L’argent n’achète pas tout. Est-ce encore vrai? Depuis plus de 30 ans, le marché s’affranchit de toutes les contraintes. La marchandisation touche des sphères qu’on croyait interdites, comme les valeurs morales et sociales. Quelles sont les limites à imposer aux relations marchandes? C’est le thème du livre passionnant du philosophe américain Michael Sandel, «Ce que l’argent ne saurait acheter»1.
Dans les concerts, dans les parcs d’attractions, les aéroports, on voit de plus en plus souvent des personnes éviter les files d’attente parce qu’elles ont acheté une carte spéciale ou payé plus cher pour passer en priorité. Cette stratégie du coupe-file commence à s’insinuer dans d’autres domaines, plus essentiels comme celui de la santé. On paie plus cher le prix de la consultation si l’on veut obtenir plus rapidement un rendez-vous avec un spécialiste. Aux États-Unis, pour 25.000 euros, on gagne le droit prioritaire, absolu et illimité dans le temps d’avoir accès à un médecin à toute heure du jour ou de la nuit. Tout un business des coupe-files s’y est créé. Des sans-abri, des pensionnés sont recrutés pour faire la queue dans les couloirs du Congrès américain lorsque des commissions parlementaires auditionnent les partisans ou les adversaires d’un projet de loi et, plus le sujet est important, plus il est important d’avoir son «siège» pour discuter avec les parlementaires et tenter de les influencer. Cela ne concerne pas que les Etats-Unis : chez nous, la RTBF dénonçait il y a quelques semaines dans son émission « Questions à la une » une pratique très étrange du CHR de la Citadelle, hôpital 100% public, qui proposait une consultation au tarif normal avec un certain délai d’attente et une consultation au double du prix mais à une date beaucoup plus rapprochée.
Certains diront que cela ne pose aucun problème moral car, après tout, c’est le résultat d’un libre choix de la part de chacune des parties. Pour Michael Sandel, cela pose un problème d’équité puisque seuls les plus riches peuvent se payer l’accès à certains droits. Par ailleurs, les valeurs marchandes finissent par contaminer les valeurs non marchandes. Nous savons qu’il est mal de faire du tort aux autres mais, de plus en plus, se vend le droit de le faire.
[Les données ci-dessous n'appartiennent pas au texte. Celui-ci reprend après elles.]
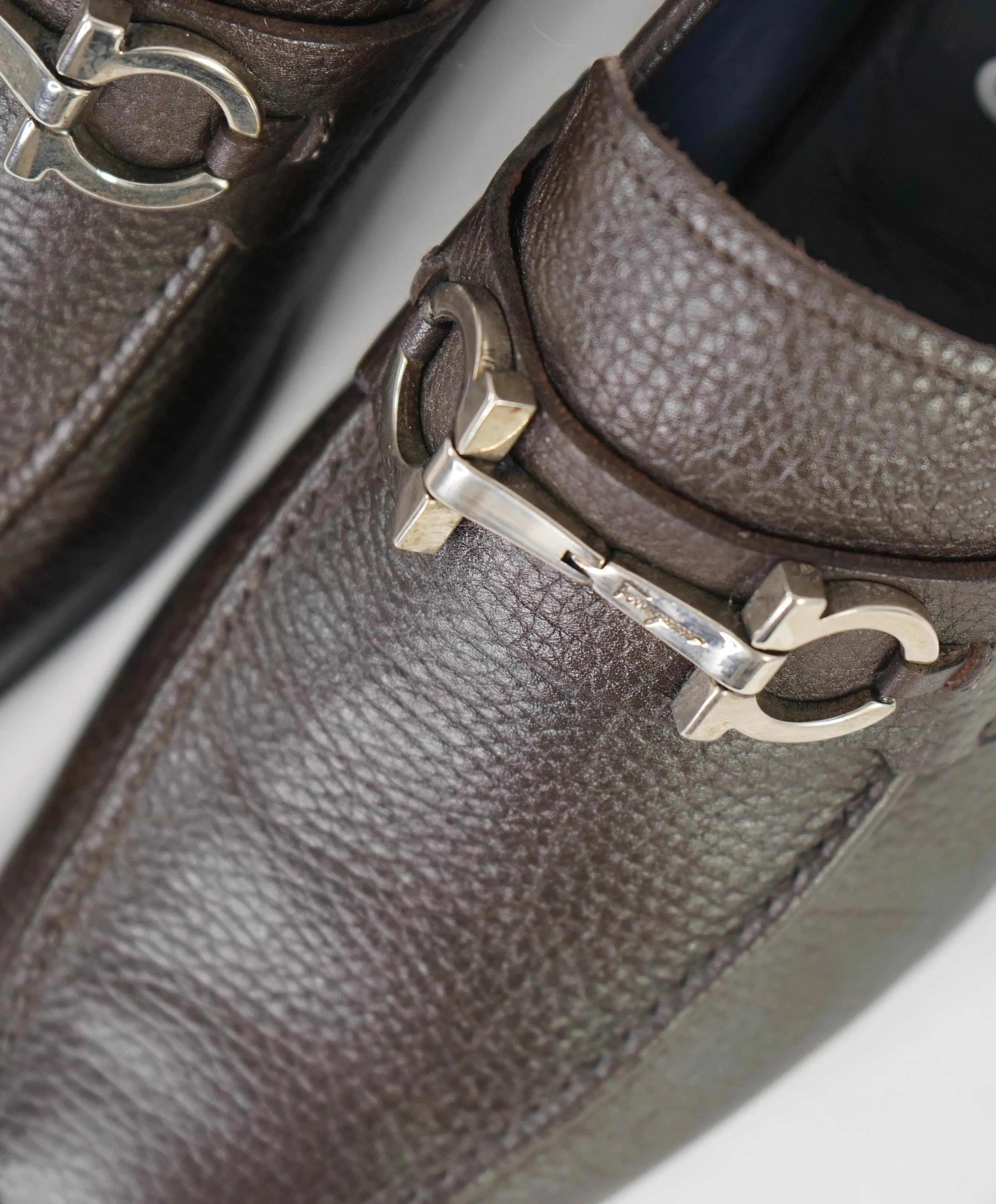 $750 SALVATORE FERRAGAMO - Brown Gancini Bit Loafer - 9 D US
C’est le cas notamment du protocole de Kyoto relatif au marché des droits à polluer qui permet à certains pays d’aller au-delà de leur permis d’émission en payant des pays qui se restreignent ou sont moins développés. Où mettre les limites? Doit-on accepter de payer les élèves, comme le font certaines écoles américaines, pour qu’ils aient de bonnes notes ou qu’ils lisent les livres qu’on leur a demandé de lire? Ou que l’on loue son front pour y tatouer la publicité ou le nom d’une entreprise? Et, dans cette logique du marché roi ne peut-on pas imaginer qu’un jour on puisse se «payer» le prix Nobel de littérature ?
Jusqu’à l’absurde
L’intérêt du livre de Sandel est de montrer les limites de la marchandisation et comment une valeur ou un bien peuvent être corrompus par le seul fait d’être mis sur le marché. Le philosophe cite l’exemple des crèches israéliennes. Des crèches, lassées de voir des parents arriver en retard, avaient décidé de faire payer une amende aux parents retardataires. Que s’est-il passé? Les parents furent plus nombreux à arriver encore plus en retard parce que l’amende a été perçue non comme une sanction morale mais elle a été confondue avec le prix d’un nouveau service. Le service rendu par les puéricultrices en attendant les parents n’avait pas de valeur économique tant qu’il n’avait pas de prix. Lorsqu’il est devenu une somme d’argent à payer, cela a attiré une demande nouvelle. Autre exemple cité par Sandel: les habitants d’un canton suisse étaient 51% à accepter de stocker des déchets radioactifs si c’était présenté comme un devoir civique… mais ils n’étaient plus que 25% si le gouvernement offrait un dédommagement monétaire. L’argent perturbe donc les motivations et au final la marchandisation d’un service peut se révéler contre-productive. Le commerce modifie la nature des biens échangés. Les sous-tire de l’ouvrage est bien : les limites morales du marché.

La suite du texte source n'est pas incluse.